Exercise →
Keep the images out while you set down the data exactly.

Provided material →
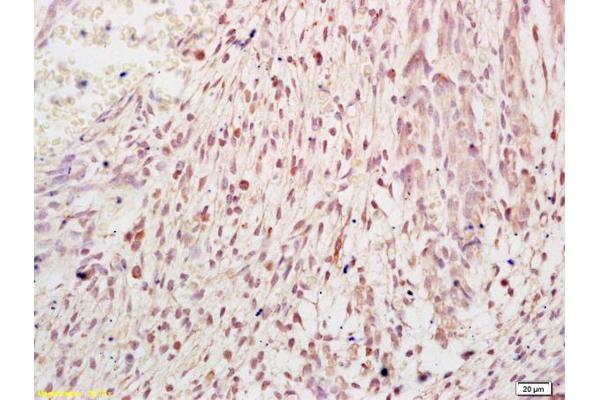 FBXO11 antibody  (AA 65-160)
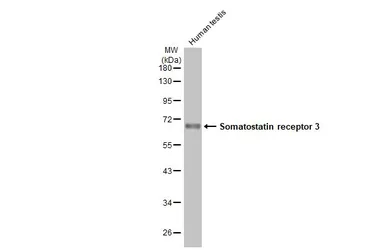 Anti-Somatostatin receptor 3 antibody [HL2681] used in Western Blot (WB). GTX639345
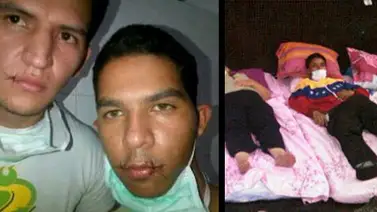 Estudiantes de la Universidad del Zulia se cosieron los labios Estudiantes de la Universidad del Zulia se cosieron los labios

Output of the task →
 FBXO11 antibody  (AA 65-160)
 Anti-Somatostatin receptor 3 antibody [HL2681] used in Western Blot (WB). GTX639345
 Estudiantes de la Universidad del Zulia se cosieron los labios Estudiantes de la Universidad del Zulia se cosieron los labios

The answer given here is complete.